*** PROVIDED DATA ***
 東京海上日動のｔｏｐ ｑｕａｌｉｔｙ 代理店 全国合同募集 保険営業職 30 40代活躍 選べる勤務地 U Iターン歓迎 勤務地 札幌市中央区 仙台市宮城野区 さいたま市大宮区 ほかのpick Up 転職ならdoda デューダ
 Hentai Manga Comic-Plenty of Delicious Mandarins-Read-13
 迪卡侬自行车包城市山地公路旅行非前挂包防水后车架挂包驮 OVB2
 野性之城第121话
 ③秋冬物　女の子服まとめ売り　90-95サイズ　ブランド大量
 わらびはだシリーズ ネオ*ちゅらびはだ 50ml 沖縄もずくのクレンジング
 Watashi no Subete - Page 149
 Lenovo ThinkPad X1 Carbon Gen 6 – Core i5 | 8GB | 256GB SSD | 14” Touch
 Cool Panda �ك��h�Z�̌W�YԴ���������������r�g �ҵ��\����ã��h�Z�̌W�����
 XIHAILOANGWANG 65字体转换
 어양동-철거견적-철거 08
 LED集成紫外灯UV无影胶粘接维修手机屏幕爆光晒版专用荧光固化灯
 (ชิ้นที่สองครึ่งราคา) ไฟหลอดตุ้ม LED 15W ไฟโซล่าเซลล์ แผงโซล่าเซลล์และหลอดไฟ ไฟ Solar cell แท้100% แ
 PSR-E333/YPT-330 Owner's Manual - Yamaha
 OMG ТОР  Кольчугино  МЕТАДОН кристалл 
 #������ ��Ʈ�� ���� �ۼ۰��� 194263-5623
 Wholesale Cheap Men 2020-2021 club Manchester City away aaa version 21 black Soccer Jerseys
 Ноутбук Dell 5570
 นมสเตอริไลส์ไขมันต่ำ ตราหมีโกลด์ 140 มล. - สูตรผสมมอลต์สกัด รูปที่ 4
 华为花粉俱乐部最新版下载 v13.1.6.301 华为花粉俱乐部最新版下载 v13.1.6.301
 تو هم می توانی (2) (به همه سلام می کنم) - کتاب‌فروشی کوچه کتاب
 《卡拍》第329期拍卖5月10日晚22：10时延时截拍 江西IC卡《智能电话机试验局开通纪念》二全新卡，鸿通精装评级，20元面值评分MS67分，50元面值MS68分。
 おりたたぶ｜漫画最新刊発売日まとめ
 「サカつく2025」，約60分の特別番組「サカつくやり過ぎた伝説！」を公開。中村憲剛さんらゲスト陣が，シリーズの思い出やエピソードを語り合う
***
* TASK *
Print, without alteration, only the lines above between the one holding "③秋冬物　女の子服まとめ売り　90-95サイズ　ブランド大量" and the one holding "#������ ��Ʈ�� ���� �ۼ۰��� 194263-5623", inclusive.

* OUTPUT OF THE TASK *
 ③秋冬物　女の子服まとめ売り　90-95サイズ　ブランド大量
 わらびはだシリーズ ネオ*ちゅらびはだ 50ml 沖縄もずくのクレンジング
 Watashi no Subete - Page 149
 Lenovo ThinkPad X1 Carbon Gen 6 – Core i5 | 8GB | 256GB SSD | 14” Touch
 Cool Panda �ك��h�Z�̌W�YԴ���������������r�g �ҵ��\����ã��h�Z�̌W�����
 XIHAILOANGWANG 65字体转换
 어양동-철거견적-철거 08
 LED集成紫外灯UV无影胶粘接维修手机屏幕爆光晒版专用荧光固化灯
 (ชิ้นที่สองครึ่งราคา) ไฟหลอดตุ้ม LED 15W ไฟโซล่าเซลล์ แผงโซล่าเซลล์และหลอดไฟ ไฟ Solar cell แท้100% แ
 PSR-E333/YPT-330 Owner's Manual - Yamaha
 OMG ТОР  Кольчугино  МЕТАДОН кристалл 
 #������ ��Ʈ�� ���� �ۼ۰��� 194263-5623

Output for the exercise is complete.